#### TASK GOAL
An exact copy of the data below is needed; please leave out any pictures.

#### DATASET EXTRACT
+ + + + + + +

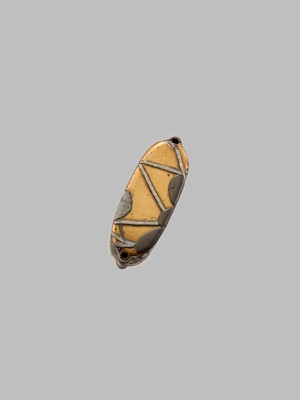 Lot 341 - A RINPA-STYLE INLAID THREE-CASE GOLD LACQUER INRO WITH GRASSHOPPERS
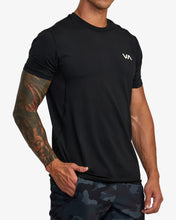 Load image into Gallery viewer, VA Sport Vent - Short manga top for men -black
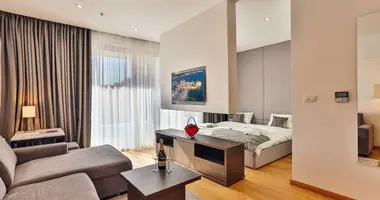 Apartamento con Vistas al mar, con aparcamiento público en Budva, Montenegro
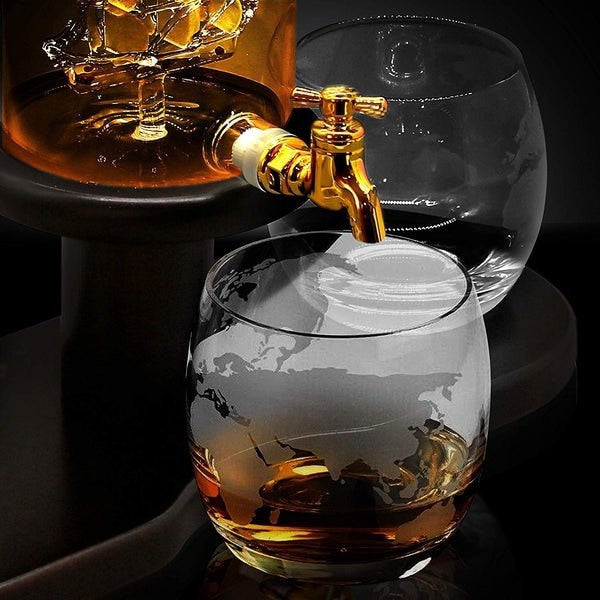 Home Bar Wine & Whiskey Aerator Set with Whiskey Glasses, Elegant Decanter Design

+ + + + + + +

#### WRITTEN SOLUTION
 Lot 341 - A RINPA-STYLE INLAID THREE-CASE GOLD LACQUER INRO WITH GRASSHOPPERS
 Load image into Gallery viewer, VA Sport Vent - Short manga top for men -black
 Apartamento con Vistas al mar, con aparcamiento público en Budva, Montenegro
 Home Bar Wine & Whiskey Aerator Set with Whiskey Glasses, Elegant Decanter Design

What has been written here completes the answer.